The early English courts and their system of administering justice bare no real resemblance to our modern day equivalents, they are truly antiquities of legal history.
A 12th Century court would have been held in the open-air and upon the most significant hill in the area. A local man of power, such as the Sheriff, would have presided over the court but the largest local landowners were bound by custom to attend and be the ‘doomsmen’ (judgment-men) of the court.
The sheriff would take care of the procedures of the court and pronounce the overall sentence but the doomsmen were the ones to find the appropriate doom to fit the facts.
If the two litigants contradicted each other in fact then there was yet no capacity for the holding of cross-examinations and judging the worth of a witness statement. In these circumstances, recourse would be to the supernatural, to prove ‘by God’ that one or the other was correct. This took three forms; (1) oath and oath-helpers, (2) ordeal and, after 1066, (3) trial by battle.

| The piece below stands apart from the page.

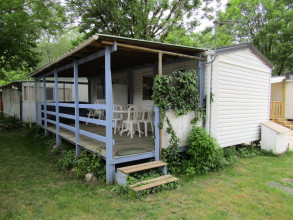 Les Esparnettes – Mobil-home n°41 - Terrasse bleue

(1) If a man was accused of some offence, he would be required to swear on his word, his oath, the truth (typically that he was innocent). Rarely was his single oath allowed to clear him of the offence. Usually, a number of oath-helpers were needed.
These were people that could give witness to the character of the accused and claim that his oath was ‘clean’. A great deal of early legal procedure focuses on complex mathematical calculations as to the number of oath-helpers needed and the quality of them.

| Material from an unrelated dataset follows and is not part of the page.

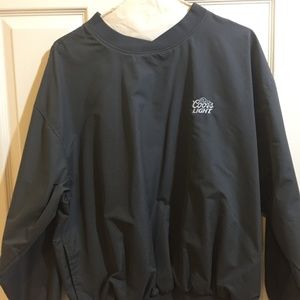 Vintage Coors Light Windbreaker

It seems, at first glance, that you could just call a bunch of friends to acquit you but there were strict ceremonial rules and phrases that had to be followed for oath-helpers. One mispronunciation or stutter and the accused’s adversary would win.
(2) If the charge was criminal, the accused might not be able to use his oath and oath-helpers. The ordeal was more explicitly judgment by God and came in the forms of Water and Fire. A man was lowered into a pit of water that had been blessed to accept innocent people but reject the guilty. If you sunk in the water, you were fished out and innocent but if you floated, you were guilty.
For Fire a white hot iron rod was placed in a man’s hand and he was told to take three paces. His hand would then be bandaged and looked at three days later. If the wound was clean, he was innocent, if it had fouled, he was guilty.
(3) Again, if a criminal accusation was made, the accused and accuser might have to fight in a battle. As long as they were not maimed, too young or too old, they could fight.
If the claim was regarding land then the litigants could choose a champion each to fight in their names. This was meant to be one of their people but in reality the hiring of professional champions became commonplace. If not regarding land, then they must fight in person.
The accuser has an entire day to prove his claim; not by killing the accused but making him give in. If he cannot do so within the day then his claim is false and he has lied to the court.
These forms of trial and proof were slowly frowned upon and taken out of the administration of justice. The ordeals required participation by priests and the Church made the decision to stop ordeals in 1215.
This did not affect trial by battle but in a couple of decades, this had fallen out of favour as well. Interestingly, trial by battle was not officially abolished until 1818 when a litigant threw down a gauntlet in anger in front of the judges of the King’s bench.
The oath-helpers changed their name to become compurgators and were more readily local people. This is one of the foundations of the development of trial by jury, which will be looked at in detail in a later post.